In his study of the doctrine of justification, James White points out that there is a link (via translation) between the Old Testament’s Hebrew and the Septuagint’s Greek word typically translated into English as “just” or “righteous.” This Greek word (dikaion) used throughout the Septuagint to translate the original Hebrew (tzaddiq) is significant to explore because this is the same word that Paul uses to establish His doctrine of justification in Romans and elsewhere. Drawing on this translational link, Mark Seifrid compares the Old Testament teaching about justifying the ungodly with Paul’s argument about Abraham’s justification, “God alone justifies the ungodly—an act that he expressly forbids human beings (Exod. 23:7; Prov. 17:15; 24:24–25; Isa. 5:23; cf. Mark 2:7b: “Who can forgive sins but God alone?”). Yet, as God, he acts in this very manner…” Here, Seifrid refers to key examples of justification in the Old Testament that demonstrate certain patterns of use. These contextual patterns shed light on Paul’s understanding of such words as “just” and “justify.” In Exodus 23:7, God lays down the principle to not pervert justice so as not to punish the innocent, most especially by putting him to death. His reason is, “for I will not justify the wicked” (NET).

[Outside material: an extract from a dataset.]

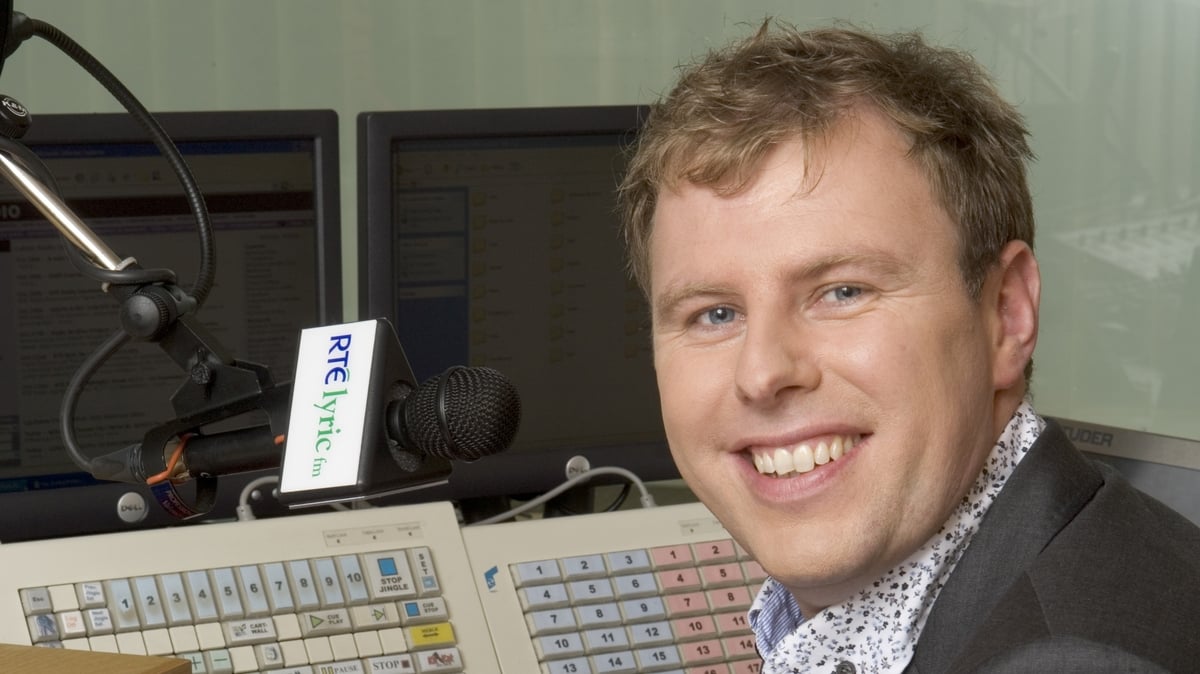 Niall Carroll's Lunchtime Favourites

Literally, “I will not make righteous [i.e., deem righteous, justify, pronounce innocent] a guilty person.” Whatever “justify” or “make righteous” may mean here, it does not make sense to mean “renewal of the inner man” as the Roman Catholic Catechism defines the doctrine of justification (Catechism of the Catholic Church 1989). In fact, the use of “justify” in this verse sounds much more like that described in the Protestant definition, that God “accepteth and accounteth their persons righteous in his sight” (WLC 70). The legal declaration of a righteous judge will reflect God’s standard by not perverting justice, because God will not accept or account a wicked person as not wicked in His sight.

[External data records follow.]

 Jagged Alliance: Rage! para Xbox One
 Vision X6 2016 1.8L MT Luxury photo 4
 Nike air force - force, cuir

Likewise, Proverbs 17:15 repeats the judicial principle laid out in Exodus 23: “He who justifies the wicked and he who condemns the righteous are both alike an abomination to the LORD.” It is a perversion of justice to declare a wicked person to be just (not wicked). It is beyond the range of possibilities for this verse to teach that a man could transform a wicked person into a righteous person. This same principle is presented in Proverbs 24:24-25. In Isaiah 5:23, the prophet pronounces a woe upon those “who acquit the guilty for a bribe, and deprive the innocent of his right!” Again, it is clear that the usage of the Old Testament word for justify (or acquit) carries the meaning of a judge’s pronouncement that one is just, not the meaning of a renewal of the inner man.

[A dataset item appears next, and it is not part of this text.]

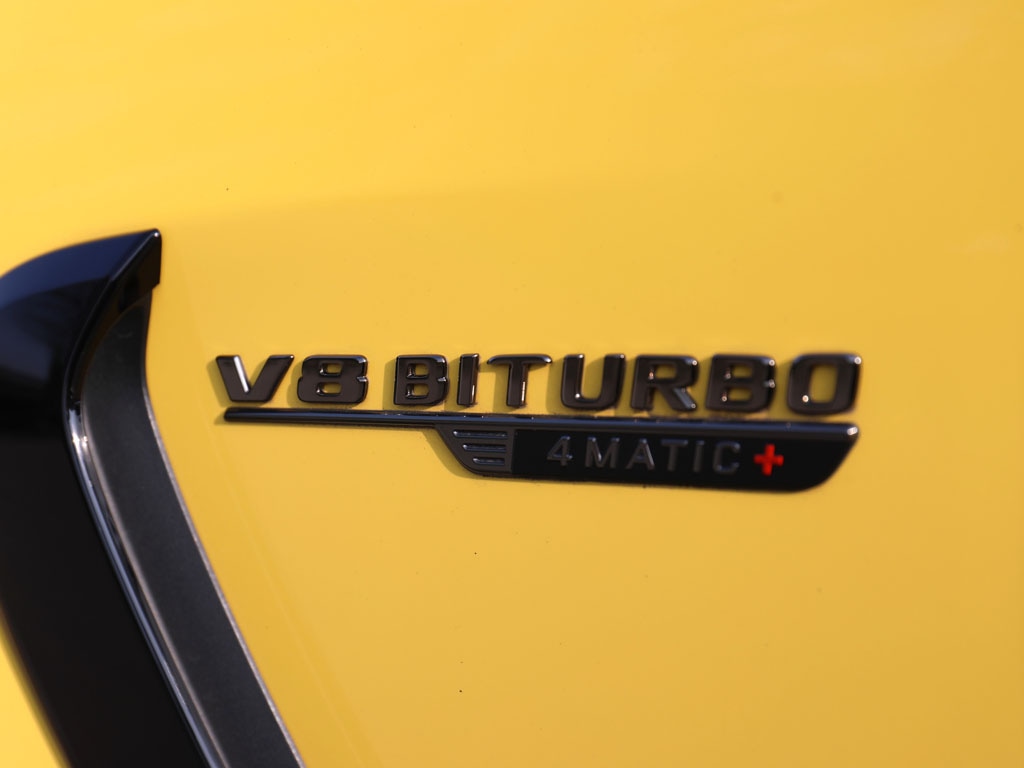 Used Mercedes-Benz AMG GT 2024 for sale - 76677010: Photo 25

But if Paul is arguing that the wicked are justified by faith, and if the meaning of “justify” carries over from the Old Testament usage, then is not God acting wickedly just as He said not to do in the aforementioned verses? Commenting on the Exodus 23:7 passage, James White writes: “God is saying He will not declare a wicked man to be righteous, for such would be a perversion of justice. God does not do this in justification by faith, either: Christ’s substitutionary death is the sole basis of his declaration.” When God determined for His own glory to justify sinners, He did not simply decide to be nice and relax His moral standard (which would make Him unjust), He forged a way through the atoning blood of His own Son: “For our sake he made him to be sin who knew no sin, so that in him we might become the righteousness of God” (2 Corinthians 5:21).
Demonstrating Sola Fide—Paul’s Case to the Romans
With this background of the Old Testament’s usage of justification, Paul’s case for justification by faith alone in Romans falls into place. In the first three chapters of Romans, Paul incontrovertibly establishes that all men, both Jews and Gentiles, are sinners and therefore justly fallen under God’s condemnation. By the time he gets to 3:19-20, his case against all mankind is so solid that he concludes, “For by works of the law no human being will be justified in his sight” (Romans 3:20a). Again, following Old Testament precedent, “will be justified” is rightly understood “will be accounted righteous.” Because all men are sinners, and no one is truly righteous, God will not count them righteous based on their attempt to live righteously. To do so would be for God to commit injustice. But this is not good news at all. Everyone is under God’s wrath, and there is nothing that can be done about it. Paul has successfully made a straight path in the wilderness, paving the way for the Good News to be proclaimed beginning in the next verses.
Now that every mouth has been shut, Paul proclaims the Gospel of justification in God’s sight by faith alone. Now, he says that God’s righteousness has been revealed, “the righteousness of God through faith in Jesus Christ for all who believe” (3:22). Paul describes this righteousness that is through faith as the revealed “righteousness of God” (3:21). Murray suggests that this righteousness revealed in Christ is to be understood as a “God-righteousness” that finds its origin in God, is pleasing to God, and is effectual to save the elect. This “God-righteousness” is through faith in Jesus Christ, and it is for all who believe. Faith is the instrument, and Christ is the basis.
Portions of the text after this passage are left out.